Pour nous, aujourd’hui, c’est très simple. Le Mali est un et indivisible. Nous ne nous arrêterons jamais de rappeler aux Français et à la communauté internationale, ils sont venus ici, c’est pour qu’il y ait un seul Mali, ils sont venus ici, c’est pour qu’il y ait un seul drapeau ; ils sont venus ici c’est pour qu’il y ait une seule armée ; ils sont venus ici, c’est pour que le gouvernement du Mali exerce sa souveraineté sur l’ensemble du territoire. Pour nous, voilà ce qui n’est pas négociable. Tout ce dont les gens ont besoin, c’est la paix. Les populations n’ont jamais crié famine parce qu’il y a d’énormes potentialités dans cette zone.
Aujourd’hui, le défi à relever pour les 5 ans à venir, c’est comment pacifier le nord et permettre aux populations de regagner leurs familles, regagner surtout les champs et travailler et gagner leur vie. C’est ce qui est envisageable et comment rétablir ce vivre-ensemble. Cela n’a rien, absolument rien à voir avec les Touareg. Pour nous, ce sont des actions de quelques individus que moi-même je connais des camarades députés avec lesquels j’ai eu à effectuer beaucoup de voyages. Comment aujourd’hui ramener ce vivre-ensemble, qui est quand même l’une de nos valeurs dans tout le Mali et qui est l’une de nos richesses. Et pour la sécurisation de notre territoire, il faut, comme nous l’avions déjà souligné, renforcer l’axe N’Djamena-Paris-Bamako.
Si nous gagnons les élections, nous prendrons des mesures incitatives avec les jeunes qui seront recrutés dans l’administration. Ils iront commencer dans le Nord pour que cela sceller davantage le vivre ensemble.
M. le président, faut-il discuter avec le MNLA ou non ?
Jamais ! Jamais pas de négociations avec un groupe armé, jamais de négociation avec ceux qui se réclament de l’Azawad; parce que le Mali ne connaît pas l’Azawad. Je pense qu’il faut être ferme sur ces deux conditions. Sur d’autres formes, on peut envisager des possibilités de dialogue.
Nous sommes dans la dynamique de transformer la MISMA en mission de paix onusienne avec la tâche spécifique d’intervention militaire pour protéger et défendre le Mali s’il y a lieu. Que pensez-vous de cette proposition ?

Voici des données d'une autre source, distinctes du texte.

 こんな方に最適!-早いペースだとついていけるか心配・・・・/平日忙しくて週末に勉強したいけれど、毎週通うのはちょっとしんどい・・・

Nous, nous pensons que c’est très bien parce que nous faisons confiance à la parole donnée. Ils sont venus, c’est pour que le Mali soit un et indivisible. Aujourd’hui, si les Français retirent une partie de leurs troupes, nous sommes de ceux qui pensent que c’est pour ne pas partir. C’est pour un peu rassembler la communauté internationale autour d’eux. La France ne partira pas tant que cette crise n’est pas totalement jugulée. Aujourd’hui, l’arrivée des Nations Unies doit aider à la prise en charge des troupes. Nous avons rencontré l’ambassadeur du Tchad en France qui nous a clairement dit que ce n’est pas la France qui finance leurs opérations au Mali. C’est le budget national tchadien qui finance la prise en charge de leurs soldats. C’est une décision courageuse ; mais si cela devrait durer, c’est sûr que ça peut affecter les finances tchadiennes. Donc il est bon que l’ONU finance ces activités.